By the late Eighties, he says, "we had a severe problem with over-demand". He expanded, buying first the factory next door, then the one next to that: he has now gobbled up a whole London street.

Dualit has become a slick manufacturer. Twenty years ago 20 people made 50 toasters a week; now 70 workers make 2,500 appliances - soup and water kettles as well as toasters. Turnover, which is secret but "under pounds 10m", has been growing at 20 to 30 per cent a year for the last decade.

As with most good management, most of what Mr Gore-Barten has done is common sense. His 24 assemblers are responsible for making 10 appliances at a time - they put everything together and stick a badge on the bottom. If your new Dualit toaster has the code "2" on it then it has been made by Luigi Zenelli - and if it goes wrong in 10 years' time Mr Zenelli will be asked to put it right. Mr Gore-Barten trusts his workers and pays them well too - assemblers are paid piecework and earn up to pounds 25,000 a year.

Does it make sense to pay manual workers such a salary? Yes: the wage bill for the assemblers comes to only about pounds 500,000. And where Mr Gore- Barten needs to automate, he does: capital investment is running at pounds 300,000 a year.

Charles Howard and his brother Geoffrey started work in their father's engineering factory in the Thirties. Emerging from the War, they started Hydraulic and Mechanical Developments with the aim of developing a pump that would not leak. Their solution was brilliantly simple - they would abolish the seals so there was nothing to leak. Instead of connecting a pump physically to a motor, the two were connected via magnetic rings: by putting one inside and the other outside a pipe, there was no need to have any holes, so leaking was impossible.

Scouring war surplus materials, the Howards found the components they needed - notably tube sections from periscopes and magnets from limpet mines - and set about manufacturing in Geoffrey's garage. The business grew, and for the next 25 years HMD had a near monopoly of the seal-less pump business.
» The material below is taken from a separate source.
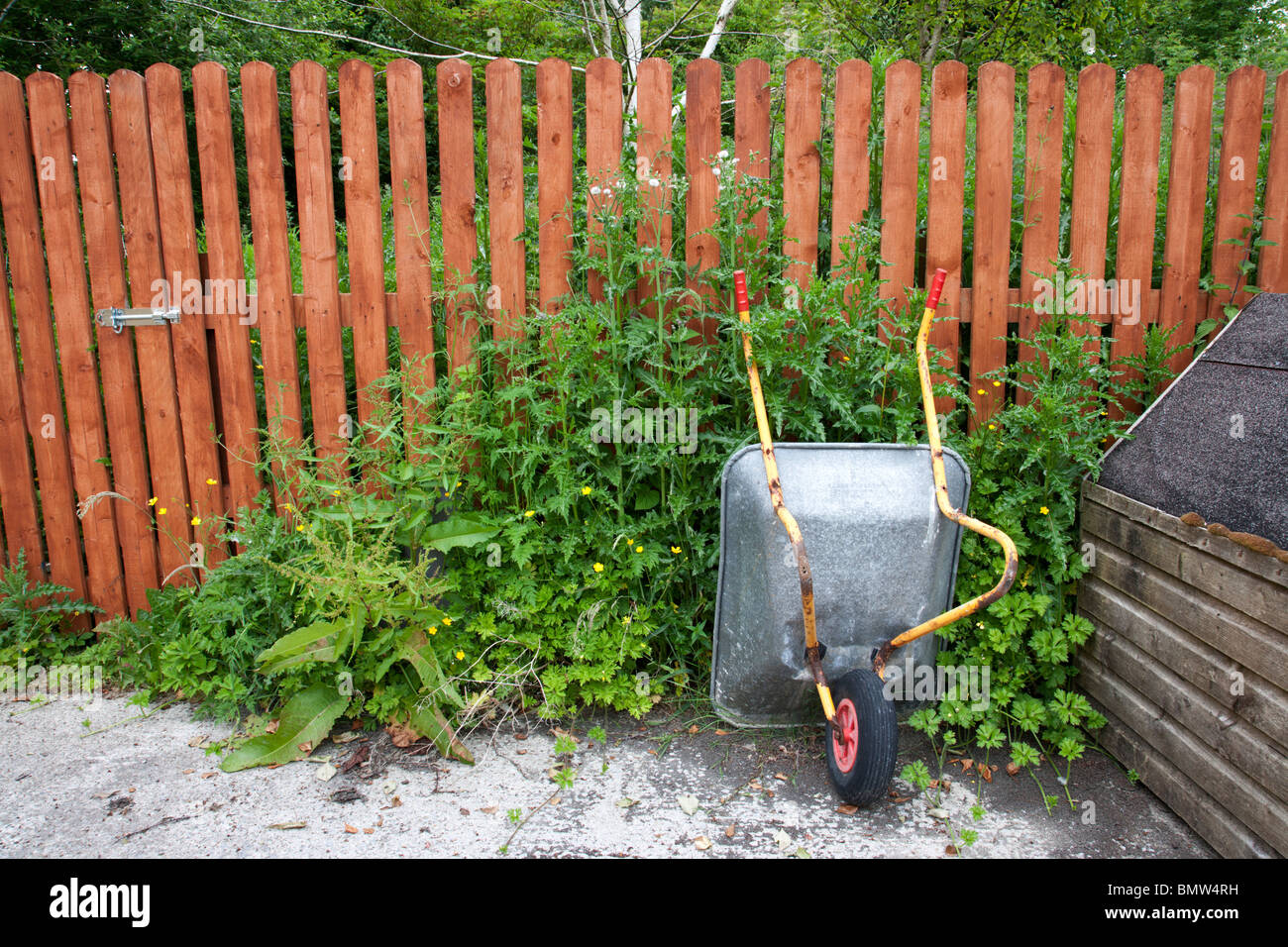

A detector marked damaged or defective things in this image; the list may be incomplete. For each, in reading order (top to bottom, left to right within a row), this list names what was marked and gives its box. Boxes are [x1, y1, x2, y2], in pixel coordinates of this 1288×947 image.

rusty metal [733, 273, 832, 725]
rusty metal [868, 267, 1015, 682]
They did not, however, pursue growth aggressively. "They didn't have a sense of how big the company could be," says Doug Twyford, the marketing director. "They invented something that is recognised worldwide, but they were happy to be the sustainers of 100 families in Eastbourne." He suggests that had they tried to sell in a more coherent way, turnover could be three times its current pounds 12m.
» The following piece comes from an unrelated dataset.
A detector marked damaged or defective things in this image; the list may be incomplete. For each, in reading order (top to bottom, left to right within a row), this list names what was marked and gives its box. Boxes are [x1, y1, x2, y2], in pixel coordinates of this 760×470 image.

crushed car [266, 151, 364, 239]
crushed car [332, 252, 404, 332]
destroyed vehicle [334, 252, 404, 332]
When the big US pump companies developed seal-less products, HMD found itself under pressure. It now has 15 competitors, and while it is still number three in the world, it has had to battle. "We had some savage hard times," Mr Twyford admits.
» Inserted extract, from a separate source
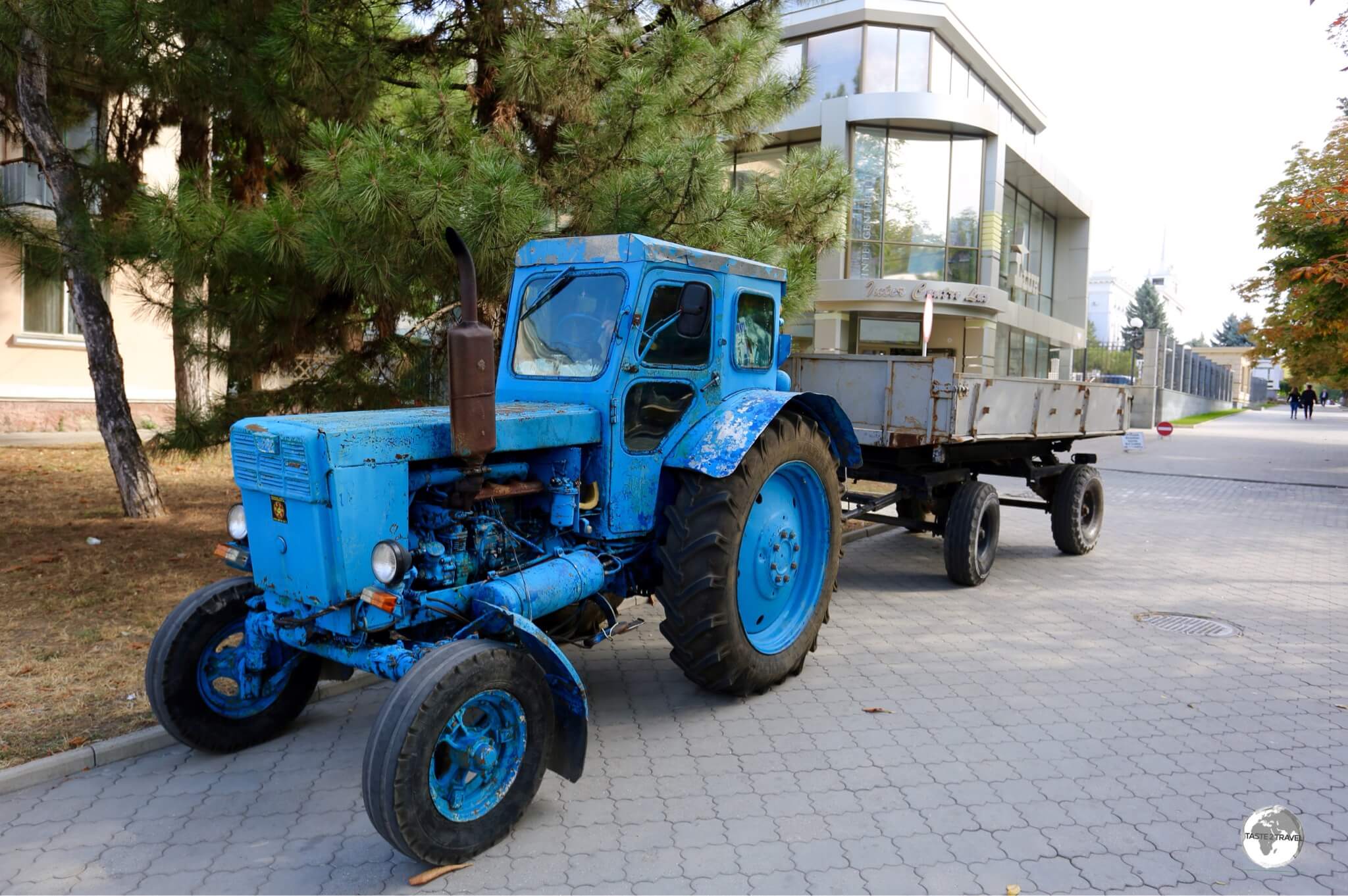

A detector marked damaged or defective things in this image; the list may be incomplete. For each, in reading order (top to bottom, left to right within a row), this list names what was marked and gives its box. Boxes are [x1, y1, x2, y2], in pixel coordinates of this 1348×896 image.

The US giant Sundstrand bought HMD in 1994. It was impressed by its engineering skills, but not by its manufacturing. The factory was grubby and disorganised and, they reckoned, the product was costing 10 per cent more than it should.

A thoughtful young production manager, Ian Wallace, has been examining the latest manufacturing techniques and considering which ones are appropriate. Mr Wallace is by nature cautious. "Every time I read about just-in-time, cells or whatever, I think yeah, great - but you've got to tailor it to your own business."

The factory is now brightly coloured and clean and workers are - by choice - wearing "Teamwork since 1946" T-shirts.

Delivery times have been brought down from 19 weeks to six, and quality and productivity have improved. All, Mr Wallace says, "just through tidying up, and tweaking here and there".

The key, as ever, is getting the workforce on side. "We are involved in getting people involved - it's amazing what comes out when you drive decision-making to the lowest level."

All HMD is doing now is what it should have done years ago - and what every other company should now be doing. If it does - if good management spreads like a benevolent virus - the next 50 years could be exhilarating for British industry.